Easy, excellent nonstick way to clean and care for cast iron! For years I washed my cast iron skillet with water, thinking that was the only way to get off stuck-on egg. The shiny black surface (called 'seasoning') was constantly breaking down so that things would stick, and rust was always a danger. Then I stumbled on the easy, traditional way to clean it, and it keeps it so smooth and nonstick that getting stuck-on food off is no longer even an issue!

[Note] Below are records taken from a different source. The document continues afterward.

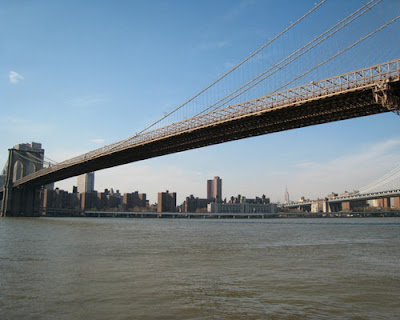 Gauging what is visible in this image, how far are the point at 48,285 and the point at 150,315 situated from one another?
10.8ft

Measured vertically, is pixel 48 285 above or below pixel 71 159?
below

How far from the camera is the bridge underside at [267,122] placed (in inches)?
1084

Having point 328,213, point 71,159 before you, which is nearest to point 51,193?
point 71,159

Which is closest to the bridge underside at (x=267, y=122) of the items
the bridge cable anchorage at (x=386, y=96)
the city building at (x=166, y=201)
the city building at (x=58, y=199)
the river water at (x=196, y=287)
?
the bridge cable anchorage at (x=386, y=96)

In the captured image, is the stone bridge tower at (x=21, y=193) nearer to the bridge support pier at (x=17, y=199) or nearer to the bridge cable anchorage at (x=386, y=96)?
the bridge support pier at (x=17, y=199)

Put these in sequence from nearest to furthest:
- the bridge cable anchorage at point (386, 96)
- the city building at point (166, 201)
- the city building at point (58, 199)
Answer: the bridge cable anchorage at point (386, 96)
the city building at point (58, 199)
the city building at point (166, 201)

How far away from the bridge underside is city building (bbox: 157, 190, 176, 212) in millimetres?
120143

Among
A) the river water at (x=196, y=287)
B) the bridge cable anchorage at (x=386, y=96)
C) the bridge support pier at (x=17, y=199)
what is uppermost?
the bridge cable anchorage at (x=386, y=96)

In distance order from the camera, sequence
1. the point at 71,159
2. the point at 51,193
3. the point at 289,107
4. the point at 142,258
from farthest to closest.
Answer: the point at 51,193 → the point at 71,159 → the point at 289,107 → the point at 142,258

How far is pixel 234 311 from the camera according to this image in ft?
20.4

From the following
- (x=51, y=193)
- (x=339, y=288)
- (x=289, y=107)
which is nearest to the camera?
(x=339, y=288)

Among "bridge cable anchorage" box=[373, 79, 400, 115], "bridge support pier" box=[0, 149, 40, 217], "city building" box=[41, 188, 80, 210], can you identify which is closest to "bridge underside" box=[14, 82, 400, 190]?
"bridge cable anchorage" box=[373, 79, 400, 115]

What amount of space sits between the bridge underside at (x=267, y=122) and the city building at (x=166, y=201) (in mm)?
120143

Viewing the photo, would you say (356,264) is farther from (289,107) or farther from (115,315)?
(289,107) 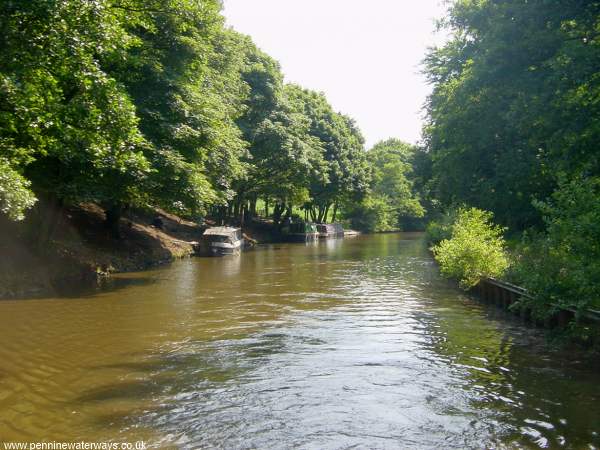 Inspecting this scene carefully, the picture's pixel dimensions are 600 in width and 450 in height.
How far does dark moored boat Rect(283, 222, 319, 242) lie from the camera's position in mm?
60656

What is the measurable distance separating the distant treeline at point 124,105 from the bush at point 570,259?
11.9 metres

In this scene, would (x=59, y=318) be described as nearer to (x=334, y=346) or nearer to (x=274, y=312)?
(x=274, y=312)

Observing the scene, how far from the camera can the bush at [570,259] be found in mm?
9648

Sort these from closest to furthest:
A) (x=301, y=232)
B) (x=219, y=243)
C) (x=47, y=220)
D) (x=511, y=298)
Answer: (x=511, y=298) < (x=47, y=220) < (x=219, y=243) < (x=301, y=232)

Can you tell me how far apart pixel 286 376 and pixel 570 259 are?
19.7 feet

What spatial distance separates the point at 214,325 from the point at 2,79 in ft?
25.7

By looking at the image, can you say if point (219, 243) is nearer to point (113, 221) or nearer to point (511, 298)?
point (113, 221)

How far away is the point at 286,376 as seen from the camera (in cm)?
970

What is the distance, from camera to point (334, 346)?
39.2 ft

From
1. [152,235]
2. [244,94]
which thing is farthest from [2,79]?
[244,94]

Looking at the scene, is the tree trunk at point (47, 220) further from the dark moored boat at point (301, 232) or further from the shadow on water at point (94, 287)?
the dark moored boat at point (301, 232)

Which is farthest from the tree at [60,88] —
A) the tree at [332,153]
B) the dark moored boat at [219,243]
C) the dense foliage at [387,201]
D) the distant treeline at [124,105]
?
the dense foliage at [387,201]

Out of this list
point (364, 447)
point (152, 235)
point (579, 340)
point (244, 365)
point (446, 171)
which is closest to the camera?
point (364, 447)

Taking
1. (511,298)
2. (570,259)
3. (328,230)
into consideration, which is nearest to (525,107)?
(511,298) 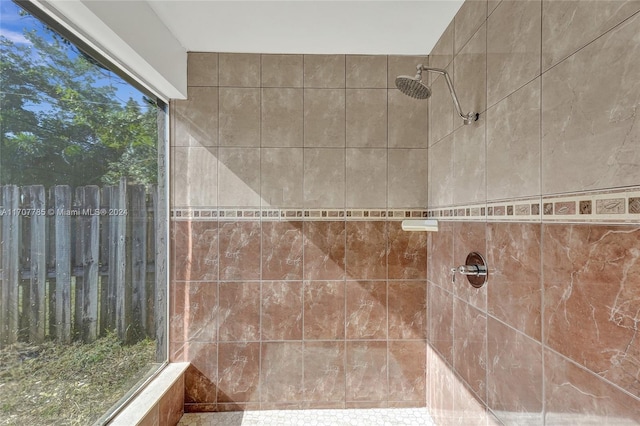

By the way, if you sniff your cast iron, and it smells metallic, the seasoning is in need of repair. If it is well seasoned, it will not smell that way, and will be shiny and black as coal. If the skillet is in seriously bad shape, you can put it through a self-cleaning cycle in the oven to burn it down to bare metal and start seasoning over from scratch, or you can just start treating it as I describe, and the seasoning will repair and become maintained over time.
Here's what you do: after cooking, you remove whatever food scraps or liquid may remain, put about half a teaspoon (more for a big job) of regular table salt in, and scour it with an old rag. I cut up ratty holey socks and other ruined cloth and keep handy for things like this.
When the surface is clean and smooth, tip the dirty salt into the trash or sink, and then rub with a clean soft bit of cloth with a dab of shortening or grease until the surface is again shiny and black. Again, I keep a small square of clean soft cotton cloth in my shortening can, for this purpose, and reuse it. So long as the skillet was scoured clean with the salt, the shortening cloth stays clean enough to use many times before washing or replacing.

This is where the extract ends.